A diferencia de destinos turísticos más concurridos como Jardín, Antioquia, este rincón guajiro ofrece una experiencia completamente distinta: paz, sencillez, contacto con lo ancestral y vistas que parecen de otro planeta.

A pesar de su tamaño, este pueblo ha sabido conquistar el corazón de quienes lo visitan.

Qué tiene Cabo de la Vela que enamora a los viajeros

Cabo de la Vela es uno de los lugares más especiales del país por su combinación de desierto, mar y cultura wayuu. Sus playas tranquilas, como Punta Arcoíris o Playa Ojo de Agua, son ideales para descansar, practicar kitesurf o simplemente contemplar el atardecer más espectacular de Colombia.

A pocos minutos del centro del pueblo se encuentra el Cerro Pilón de Azúcar, una pequeña montaña sagrada para el pueblo wayuu que regala una vista panorámica inigualable del mar y el desierto. La subida es corta, pero vale cada paso.

Aunque llegar a Cabo de la Vela puede ser una travesía, eso forma parte de su encanto.
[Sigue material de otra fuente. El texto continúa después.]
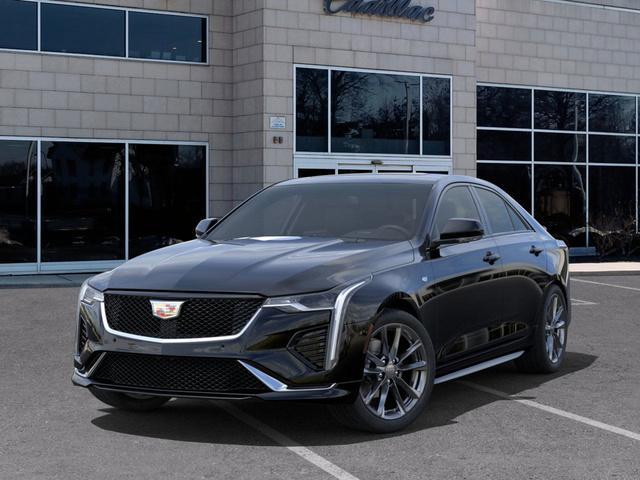 new 2025 Cadillac CT4 car, priced at $46,140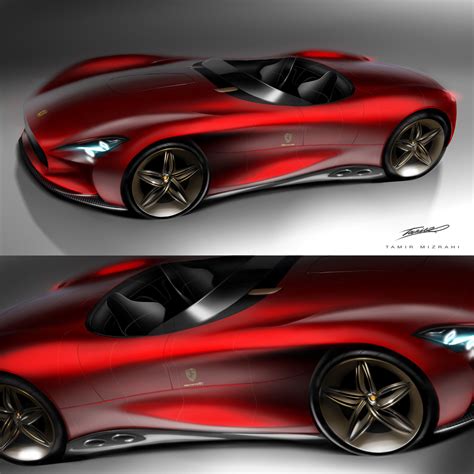 Ferrari 250TR (Testa Rossa) Homage Concept :: Behance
Para llegar, es necesario viajar primero a Riohacha y desde allí tomar un 4x4 rumbo a Uribia. Desde Uribia, se atraviesa el desierto en un recorrido de aproximadamente 2 a 3 horas por caminos sin pavimentar.

Debido a su aislamiento, en el pueblo no hay señal de celular ni internet estable, y la electricidad es limitada. A cambio, se obtiene una desconexión total del ruido y un contacto directo con la esencia del territorio guajiro.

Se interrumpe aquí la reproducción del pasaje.